EXERCISE: From the top of the entries, reproduce each line exactly, stopping after the line that contains "배달의민족 5천원 5000원권 4700원에 팝니다.--1". Omit pictures.

[Short descriptive text snippets]
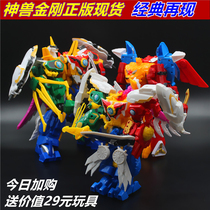 Beast King Kong 6-in-one deformation robot toy Beast King Kong 4 sets super change team boy toy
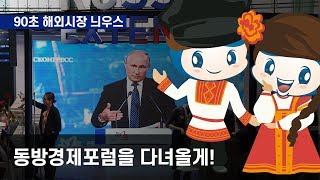 [KOTRA] 동방경제포럼을 다녀올게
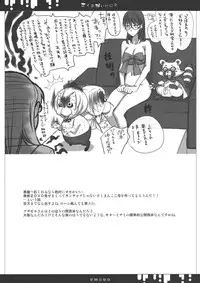 (C80) [VM500] Akuma no Ikenie (Yondemasuyo, Azazel-san.)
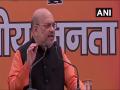 BJP will win 26 of 30 phase-I seats in West Bengal, says Amit Shah - Hindi News | BJP will win 26 of 30 phase-I seats in West Bengal, says Amit Shah | Latest national News at Lokmattimes.com
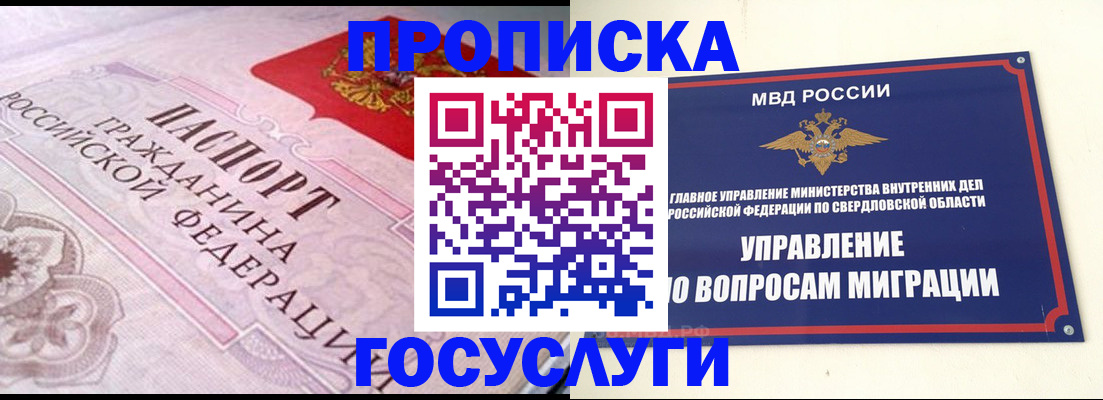 временная регистрация купить в Калмыкии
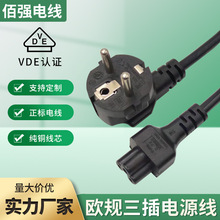 �WҎ���~÷��β�Դ�� 3о0.75ƽ�����~�W�˹Pӛ����X�Դ���S��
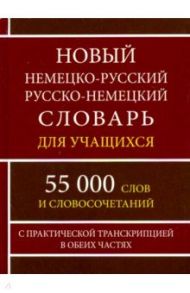 Новый немецко-русский и русско-немецкий словарь для учащихся. 55 000 слов с практической транскрипц. / Васильев О. П.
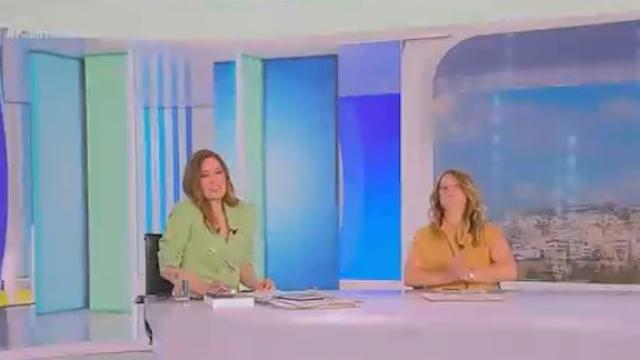 μαυραγανη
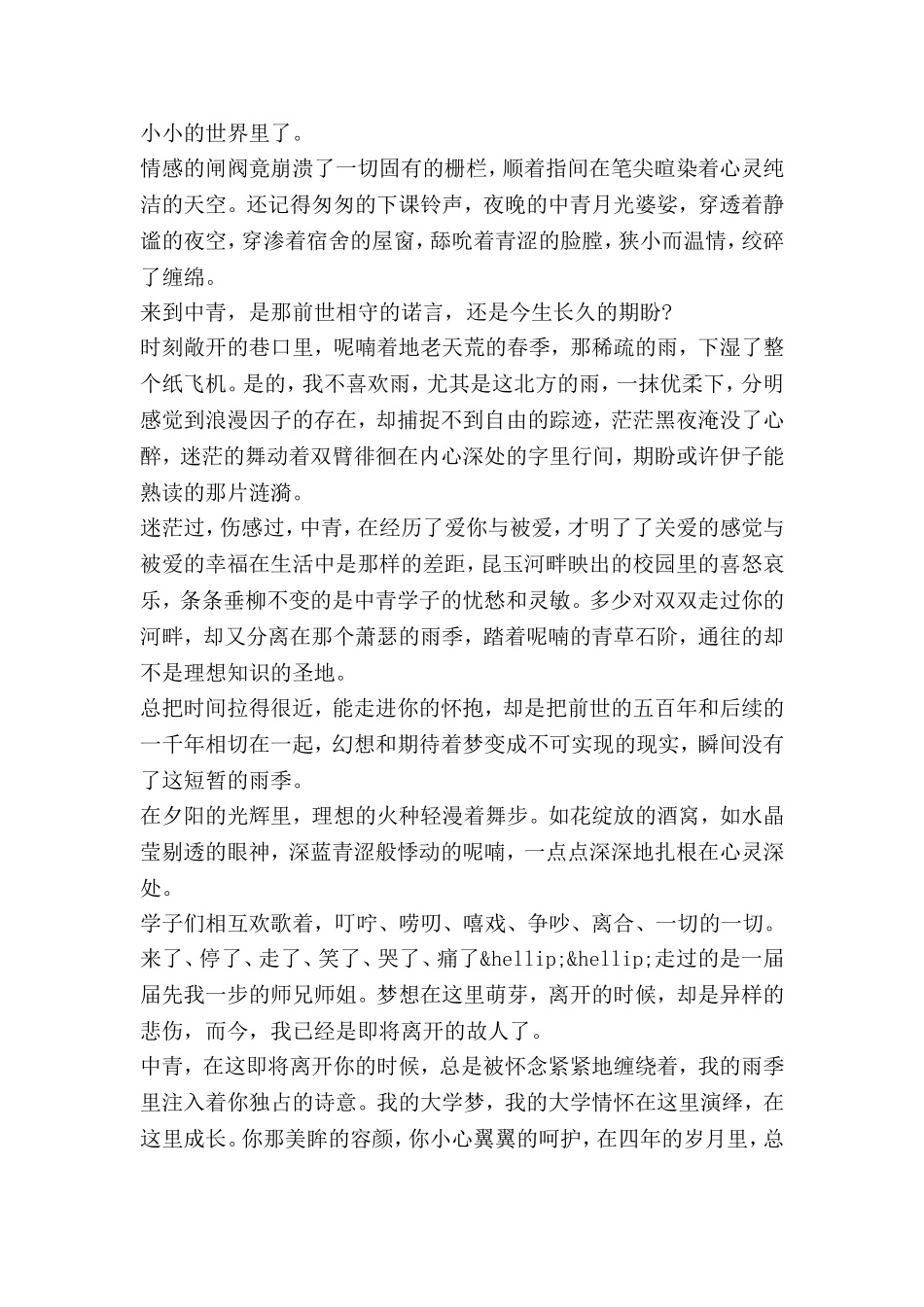 大学毕业寄语大全_第2页
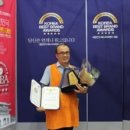 (주)바로텍 이미지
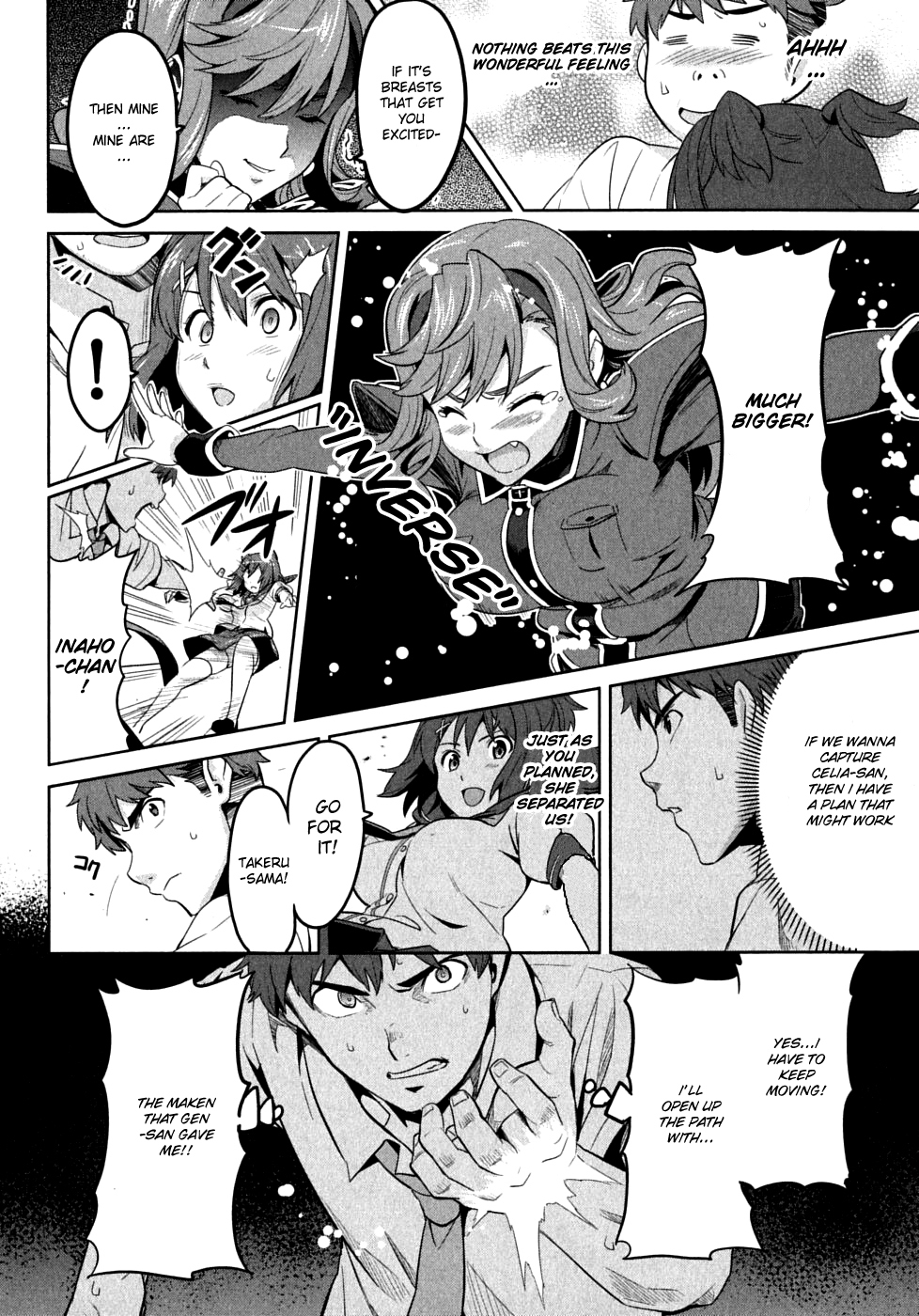 Maken-Ki! Chapter 18 page 14 - Chapter 18: The Maken's Name Is...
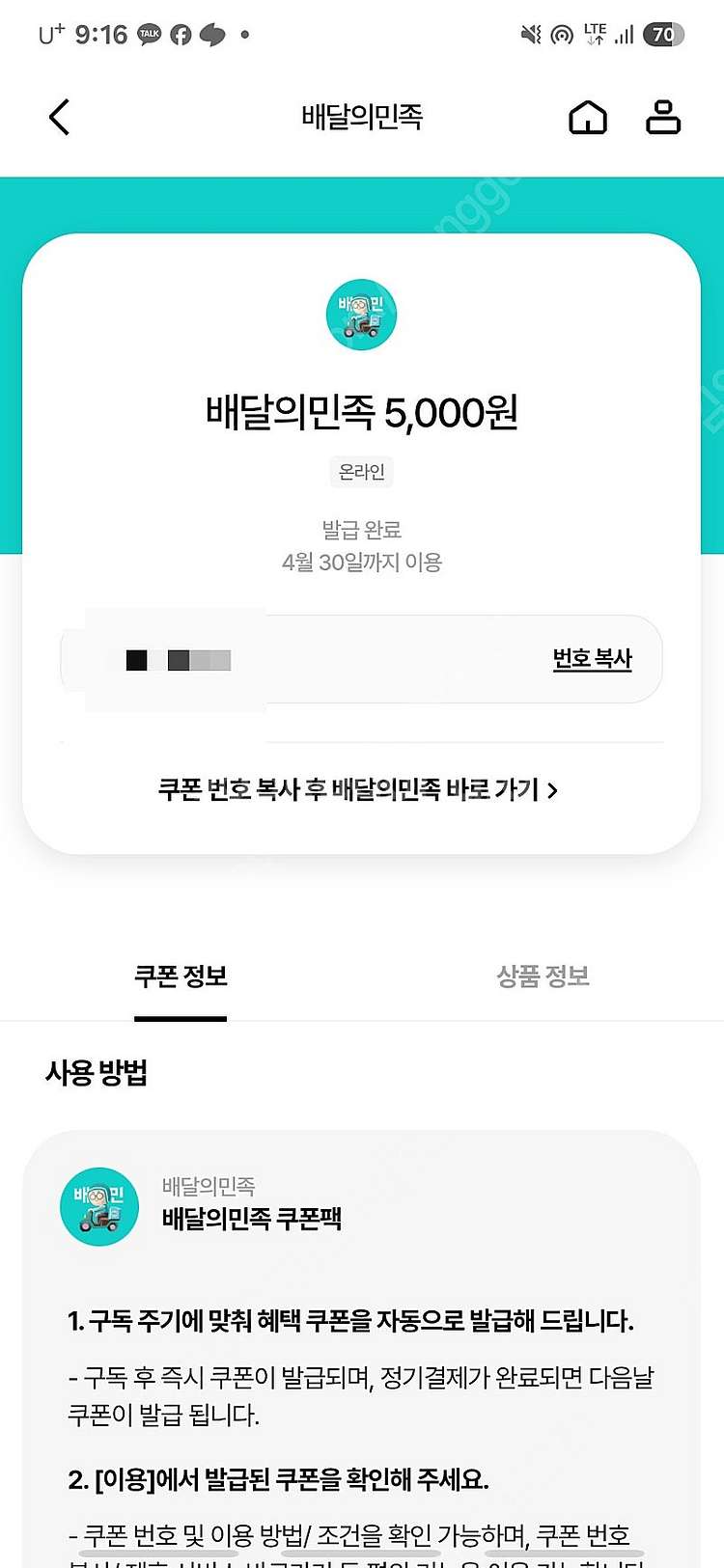 배달의민족 5천원 5000원권 4700원에 팝니다.--1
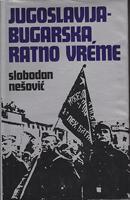 jugoslavija bugarska ratno vreme 1941 1945  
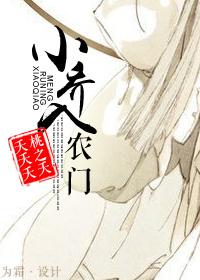 小乔入农门by桃之夭夭夭夭TXT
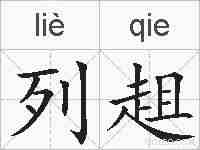 列趄的拼音
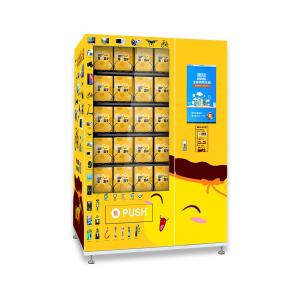 China Automatic Lucky Box Vending Machine For Sale Real Time Remote Monitoring Vending Machine, Entertainment Vending supplier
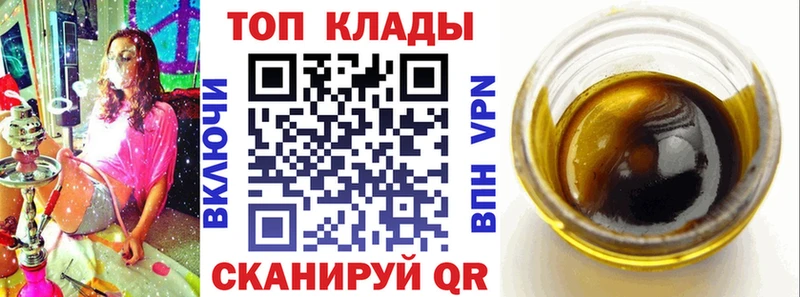 Купить Большой Камень Метадон Мефедрон АМФ МАРИХУАНА ГАШИШ Кокаин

TASK OUTPUT:
 Beast King Kong 6-in-one deformation robot toy Beast King Kong 4 sets super change team boy toy
 [KOTRA] 동방경제포럼을 다녀올게
 (C80) [VM500] Akuma no Ikenie (Yondemasuyo, Azazel-san.)
 BJP will win 26 of 30 phase-I seats in West Bengal, says Amit Shah - Hindi News | BJP will win 26 of 30 phase-I seats in West Bengal, says Amit Shah | Latest national News at Lokmattimes.com
 временная регистрация купить в Калмыкии
 �WҎ���~÷��β�Դ�� 3о0.75ƽ�����~�W�˹Pӛ����X�Դ���S��
 Новый немецко-русский и русско-немецкий словарь для учащихся. 55 000 слов с практической транскрипц. / Васильев О. П.
 μαυραγανη
 大学毕业寄语大全_第2页
 (주)바로텍 이미지
 Maken-Ki! Chapter 18 page 14 - Chapter 18: The Maken's Name Is...
 배달의민족 5천원 5000원권 4700원에 팝니다.--1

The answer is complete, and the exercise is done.